Filipino programmer salaries are pretty terrible (about 35k PHP per month,
which is around $10,000 per year) but not all of the best are leaving. The US
is pretty damn hard to get into if you're not from a family with assets. Japan
treats Filipinos like shit (it's functionally impossible, and I've heard it
may be illegal, to look for another job while employed, as a non-citizen, with
a Japanese firm). Hong Kong and Singapore pay more than $10k, but still offer
crap wages compared to the sky-high cost-of-living, thanks to third-world
despots, corrupt officials, drug kingpins, and assorted dirtbags from all over
the world buying real estate in those cities (as in London and New York) to
launder their money. Singapore and HK are also disgustingly employer-friendly
(worse than the US, not quite as bad as the Arab slave states). I know Hong
Kongers who count themselves lucky to get 2 weeks of paid vacation (taking
unpaid leave is very stigmatized in Asia).

I won't even get into the Arab slave states, where Indians and Bangladeshis
"look like construction workers" (and won't advance) and Filipinos "look like
maids" (ditto) and even Americans have mini-panic-attacks every time they
write a check (an unintentional bounced check equals jail; someone should
seriously fucking invade that country and liberate the people jailed for being
unlucky).

Australia seems to be the hot destination for Asian talent-- nearby, not that
hard to get into, and paying quite well-- but it's a small country (24
million, which makes it smaller than some Asian _cities_ ) and will not be
able to absorb all of the underemployed smart people coming up right now.

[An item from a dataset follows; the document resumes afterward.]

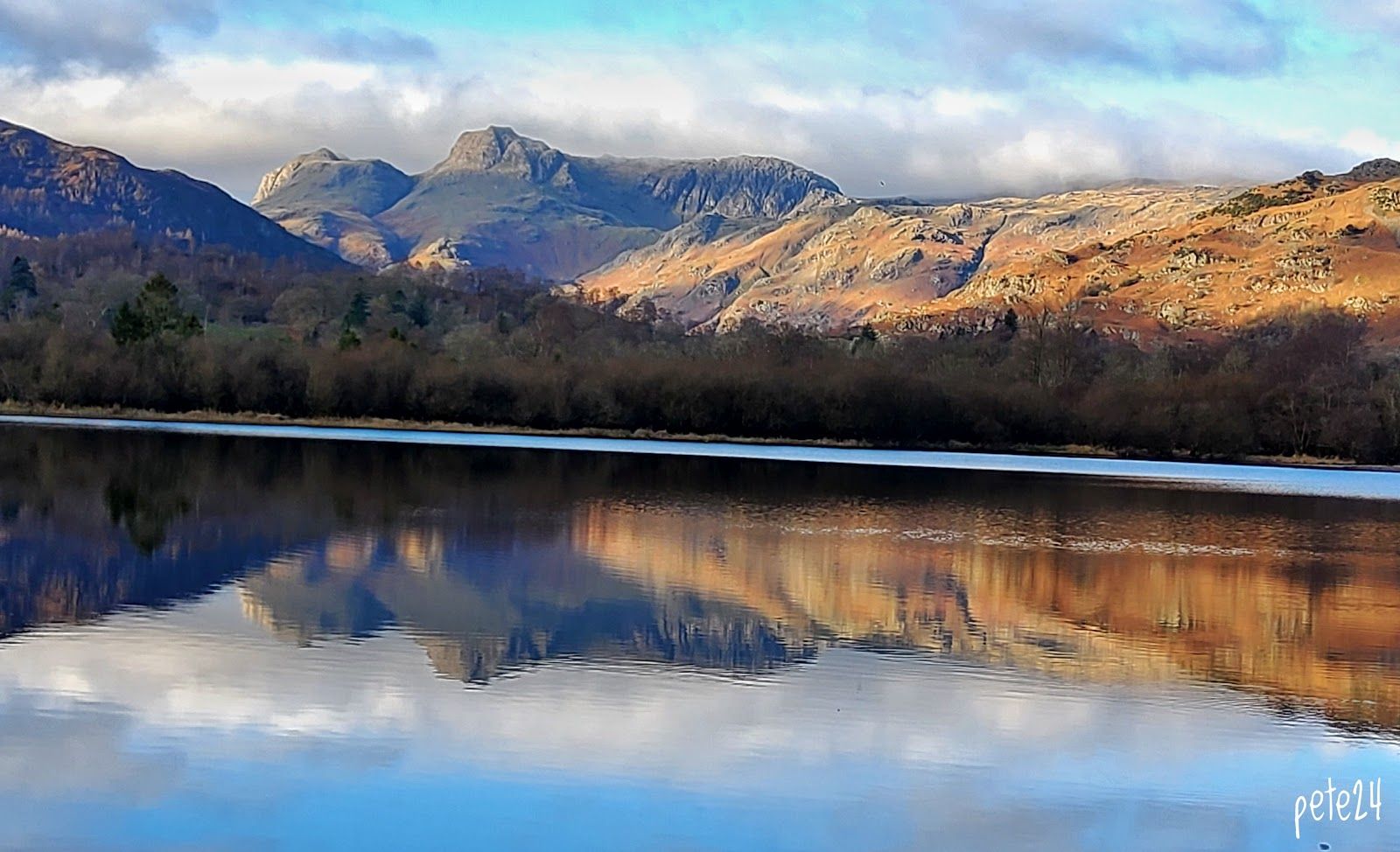 Langdale Pikes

I've actually been studying this, because it involves a business opportunity
I'm looking into. About 30-50% of the people you'd consider "top talent" leave
the Philippines. That's a lot of brain drain, but it leaves a large number who
(for a variety of reasons, such as family or patriotism or preference of the
tropical climate) stay. Right now, they're getting shit wages unless they can
start their own business (but if your family has that kind of assets,
emigrating to the US becomes a real option).

 _Education does not equal talent._

Sure. That is true everywhere in the world, and I think we agree on that.

 _The fact that the problem of the corrupt concentration of capital is real
doesn 't mean the lack of talent is artificial._

Talent is abundant but it's extremely difficult to find, because you have to
sift through untalented pretenders with better social skills, and that's true
no matter where you are in the world. (You typically need to hire someone like
me who are smart and experienced enough to assess it, and we're _even harder_
to find.) It's like dating. Decent, single $GENDER_OF_INTEREST are
paradoxically both common (the bulk number of them is large) and rare (the
broken people go on more dates, so adverse selection plays a role).

Why do large companies, when staffing middle and upper management roles,
acqui-hire utter mediocrity at panic prices instead of promoting from within?
Their middle management filters are too broken to let them spot talent at the
bottom, and they become like hoarders who have copious possessions but have to
buy a new coat each winter because their houses are out of order.

Talent is like fresh water. It's abundant, globally speaking, but (a) it's
sometimes far away, (b) there's a lot of less-fresh water one shouldn't use or
drink, and (c) there's still less of it than one might conceivably want.

Of course, I've stepped around the obvious fact that most businesspeople who
complain about a "talent shortage" are just stingy bastards who can't stand
the (slowly rising) price of talent.